Extracted records:
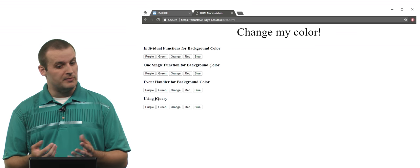Looking at the individual color functions — there are five: turn purple, turn green, turn orange, turn red, and turn blue. All they do is use pure JavaScript to get the element by ID of 'color-div' — the element we're trying to change — and set its style's background-color attribute accordingly. Then we have a general-purpose version, where instead of five separate functions, we pass in a color as a parameter and set the color-div's background color to whatever was passed in.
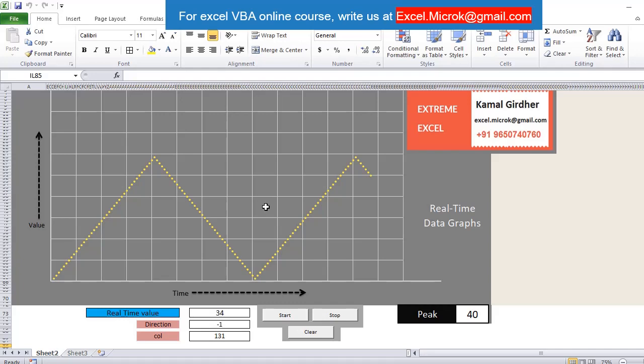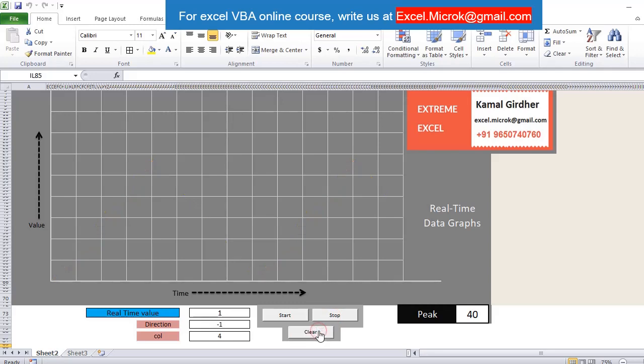We can stop it at any point of time, and when we start it, it will start from that point as well. All the options are configurable. If you want to reset it, we have an option to reset and we can start again.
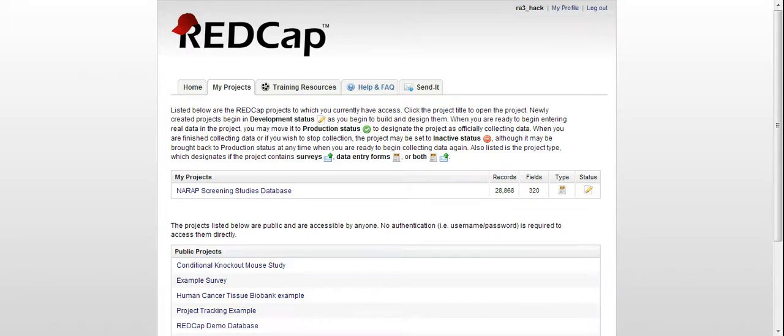Hi everybody, welcome to the National Alliance of Research Associates Program's Screening Studies Database.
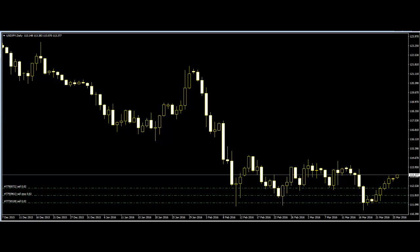Welcome to this candlestick trading video on simple and complex candlestick patterns for price action trading. Candlestick charts are the visualization of price movement in the market. Price action traders use candlesticks to observe price movement, and the candlestick patterns are also used by them for making trading moves.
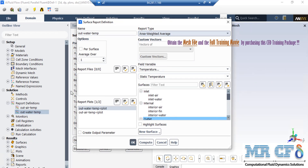If you click on the second report, you can see that the same settings are selected here; however, there is a small difference, which is that under the surface section for this report, we have selected the out-water boundary.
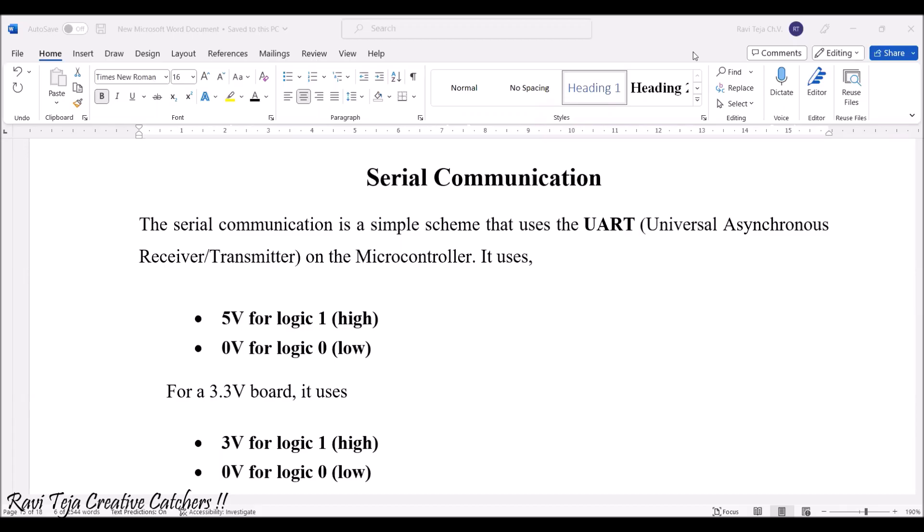Hello everyone. Welcome to the course of Fundamentals of IOT, in short FIOT. In today's class we are going to learn about serial communication. This serial communication is with respect to the Arduino board.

**Problem:** Repeat only the stretch of data above that runs from the line with "We can stop" to the line with "If you click". Keep both end lines; exclude pictures.

**Your response:**
We can stop it at any point of time, and when we start it, it will start from that point as well. All the options are configurable. If you want to reset it, we have an option to reset and we can start again.
Hi everybody, welcome to the National Alliance of Research Associates Program's Screening Studies Database.
Welcome to this candlestick trading video on simple and complex candlestick patterns for price action trading. Candlestick charts are the visualization of price movement in the market. Price action traders use candlesticks to observe price movement, and the candlestick patterns are also used by them for making trading moves.
If you click on the second report, you can see that the same settings are selected here; however, there is a small difference, which is that under the surface section for this report, we have selected the out-water boundary.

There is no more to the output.